I wouldn’t call the “fateful order of the day” fiction, mostly because I think it is perhaps the pivotal point of the battle. Prior to this I think the Union was well on its way to either a victory or a draw (and I think Bragg would withdraw after a draw so a draw is as good as a victory, to me Rosecrans just has to avoid a defeat). We could debate whether or not Longstreet would have pierced a line along Brotherton field and how that would have effected the battle, but Wood leaving (whether out of spite or because he was just following orders) does allow Longstreet to do more damage to the right wing. In fact this is what the last part of my article is about so don't jump the gun yet :)
--Nick
The specific phrase "Fateful order of the Day" and "I would not part with it for 5000 dollars" are very much fiction. There is some evidence that "Fateful order of the day" was first used in Washington (I have a St. Louis Newspaper account from DC that uses that language, about 2 weeks after the battle) but the "5000" dollars quote does not appear in any of the accounts until the 1910s or 20s. It is very much an imaginative fiction created well after the fact.
Was the order itself fateful, in that it changed everything? that is a different argument. I do not buy it largely because the Union situation all day long was one of similar situations, windows of disaster opening and closing at indeterminate intervals.

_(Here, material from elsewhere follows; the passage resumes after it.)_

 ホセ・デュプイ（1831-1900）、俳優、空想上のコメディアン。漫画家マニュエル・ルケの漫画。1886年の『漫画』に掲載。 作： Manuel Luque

Rosecrans had lost control of the battle well before Thomas J. Wood moved out from Brotherton field.
As for the rest of your counter-factual, you are essentially arguing that if Rosecrans fought a better battle, it would not have gone as badly for him.:) I'd agree with that...but it does seem a little obvious. There were any number of scenarios Rosecrans could adopt that would be better than the situation he had that morning.
I was using the term "fateful order of the day" just because in my opinion it was. Maybe not "the" fateful order but has to rank in the top 3. My intention was not to quote someone else there. Someone else very possibly coined the phrase earlier, I was just using it because it fit good.
As for the counter factual I'm concentrating on one specific incident, not saying that in general if Rosecrans had done a better job there would have been different results. You'll just need to wait to hear the whole argument on that point. That sort of argument can continue forever, that's not what I'm after.